:: EXERCISE ::
What is needed is every line from the one holding "Thumbnail for version" to the last line of the data below, printed exactly and without pictures.

:: THE INPUT ::
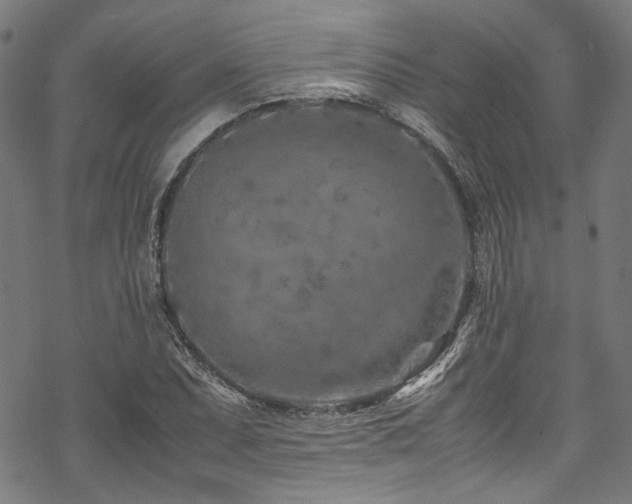 X0000070191071200605261152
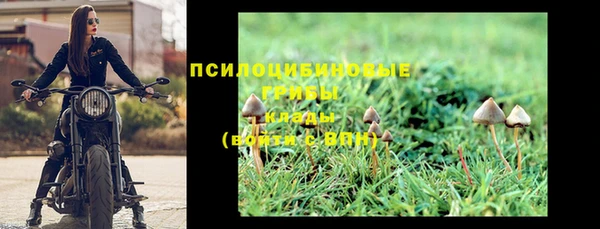 марки lsd Беломорск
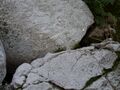 Thumbnail for version as of 13:00, 11 July 2020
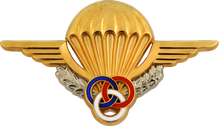 Brevet de moniteur parachutiste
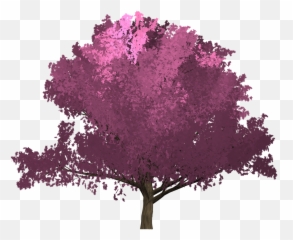 Pink Trees Cherry Blossom Tree Tattoo - Purple Tree Painting Transparent Emoji,Pierre Cardin Emotion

:: YOUR SOLUTION ::
 Thumbnail for version as of 13:00, 11 July 2020
 Brevet de moniteur parachutiste
 Pink Trees Cherry Blossom Tree Tattoo - Purple Tree Painting Transparent Emoji,Pierre Cardin Emotion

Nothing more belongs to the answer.